Apocalypse: Never-Ending War 1918–1926 (in French: Apocalypse, La Paix Impossible 1918–1926) is a two-part television series retracing the difficult peace that followed the First World War. It was broadcast in France on France 2 on November 11, 2018 and in Canada on Ici RDI on November 7 and 8, 2018. It brings together known or unpublished period documents relating the major events of the time. Archival images have been restored and colorized. The series is directed by Isabelle Clarke, Daniel Costelle and Mickaël Gamrasni.

Episodes

As the First World War ends, survivors realize that the world they knew had disappeared, buried in the ruins.
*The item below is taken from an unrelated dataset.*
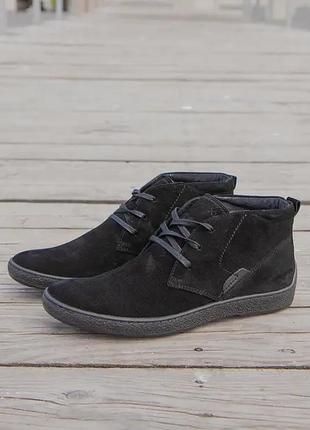 Замшевые ботинки черного цвета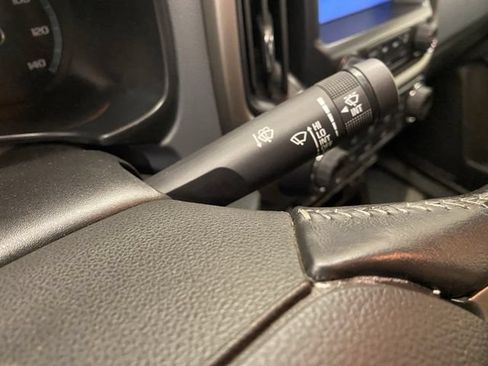 Used 2016 Chevrolet Colorado Z71 AWD/4WD image 33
The victors conceive a precarious peace treaty which they impose on the vanquished. In Europe, Africa, and Asia new nations are forged, often through strife and conflict. In a brief time hatred, fear, and resentment bubble up from the depths of traumatized societies, sowing chaos in the new world order in the form of revolutions, crises, waves of migration, and civil wars, which are fertile ground for totalitarianism. People try to shake off memories of war to the frantic beat of the Charleston dance, blind to the approach of a new apocalypse.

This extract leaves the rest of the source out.